> _Assignment_
The expected answer is a copy of every line in the listing that has the word "Knit".

> _Available data_

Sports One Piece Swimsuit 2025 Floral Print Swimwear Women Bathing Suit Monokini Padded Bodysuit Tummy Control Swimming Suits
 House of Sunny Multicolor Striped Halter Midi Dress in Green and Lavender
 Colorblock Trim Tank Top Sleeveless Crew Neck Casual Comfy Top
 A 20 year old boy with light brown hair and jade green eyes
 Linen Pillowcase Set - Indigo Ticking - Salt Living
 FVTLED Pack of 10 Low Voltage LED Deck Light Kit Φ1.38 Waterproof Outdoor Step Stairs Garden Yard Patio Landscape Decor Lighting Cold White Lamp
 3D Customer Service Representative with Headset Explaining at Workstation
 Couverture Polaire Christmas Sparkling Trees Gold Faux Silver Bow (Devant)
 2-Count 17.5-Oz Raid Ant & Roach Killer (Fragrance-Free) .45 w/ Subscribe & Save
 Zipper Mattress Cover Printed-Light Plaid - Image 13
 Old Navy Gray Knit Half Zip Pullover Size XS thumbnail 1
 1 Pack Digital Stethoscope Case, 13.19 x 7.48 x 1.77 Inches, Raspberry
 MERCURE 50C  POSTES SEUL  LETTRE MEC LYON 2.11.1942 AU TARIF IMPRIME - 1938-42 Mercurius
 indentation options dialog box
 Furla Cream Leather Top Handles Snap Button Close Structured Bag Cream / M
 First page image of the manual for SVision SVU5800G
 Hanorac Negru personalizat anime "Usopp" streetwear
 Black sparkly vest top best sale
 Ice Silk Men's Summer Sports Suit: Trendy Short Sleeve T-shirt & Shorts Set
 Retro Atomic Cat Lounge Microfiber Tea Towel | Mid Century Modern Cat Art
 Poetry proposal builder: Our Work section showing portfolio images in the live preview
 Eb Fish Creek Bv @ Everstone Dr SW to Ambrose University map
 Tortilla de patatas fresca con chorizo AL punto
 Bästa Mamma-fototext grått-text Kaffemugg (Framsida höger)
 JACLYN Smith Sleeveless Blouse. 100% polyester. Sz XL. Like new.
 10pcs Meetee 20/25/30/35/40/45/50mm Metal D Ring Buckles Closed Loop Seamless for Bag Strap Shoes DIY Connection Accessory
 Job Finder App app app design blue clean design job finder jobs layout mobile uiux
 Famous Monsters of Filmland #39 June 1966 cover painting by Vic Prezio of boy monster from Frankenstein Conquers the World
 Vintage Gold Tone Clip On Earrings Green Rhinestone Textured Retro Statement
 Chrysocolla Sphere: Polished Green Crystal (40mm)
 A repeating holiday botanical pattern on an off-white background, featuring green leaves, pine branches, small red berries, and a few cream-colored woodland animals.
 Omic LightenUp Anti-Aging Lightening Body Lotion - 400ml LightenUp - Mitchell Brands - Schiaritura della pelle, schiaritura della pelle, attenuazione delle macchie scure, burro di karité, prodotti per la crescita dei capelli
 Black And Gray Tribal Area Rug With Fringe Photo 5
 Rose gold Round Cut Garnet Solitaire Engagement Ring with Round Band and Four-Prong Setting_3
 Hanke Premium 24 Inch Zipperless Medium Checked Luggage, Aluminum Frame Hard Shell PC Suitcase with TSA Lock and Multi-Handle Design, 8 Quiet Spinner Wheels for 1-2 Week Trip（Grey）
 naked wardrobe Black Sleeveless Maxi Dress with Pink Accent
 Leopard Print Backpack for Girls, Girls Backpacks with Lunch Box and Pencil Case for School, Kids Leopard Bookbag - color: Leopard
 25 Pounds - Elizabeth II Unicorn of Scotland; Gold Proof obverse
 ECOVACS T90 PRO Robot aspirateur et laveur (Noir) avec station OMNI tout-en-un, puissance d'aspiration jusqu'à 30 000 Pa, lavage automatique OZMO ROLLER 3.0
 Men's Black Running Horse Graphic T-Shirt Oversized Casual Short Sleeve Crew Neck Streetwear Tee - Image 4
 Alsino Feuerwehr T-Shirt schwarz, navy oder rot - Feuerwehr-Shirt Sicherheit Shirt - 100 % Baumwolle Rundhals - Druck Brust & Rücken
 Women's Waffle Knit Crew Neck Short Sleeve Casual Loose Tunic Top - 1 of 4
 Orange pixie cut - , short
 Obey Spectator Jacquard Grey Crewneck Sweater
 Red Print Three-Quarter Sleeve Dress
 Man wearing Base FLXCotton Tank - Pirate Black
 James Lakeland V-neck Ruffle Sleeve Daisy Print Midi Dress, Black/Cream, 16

> _Solution to this problem_
 Old Navy Gray Knit Half Zip Pullover Size XS thumbnail 1
 Women's Waffle Knit Crew Neck Short Sleeve Casual Loose Tunic Top - 1 of 4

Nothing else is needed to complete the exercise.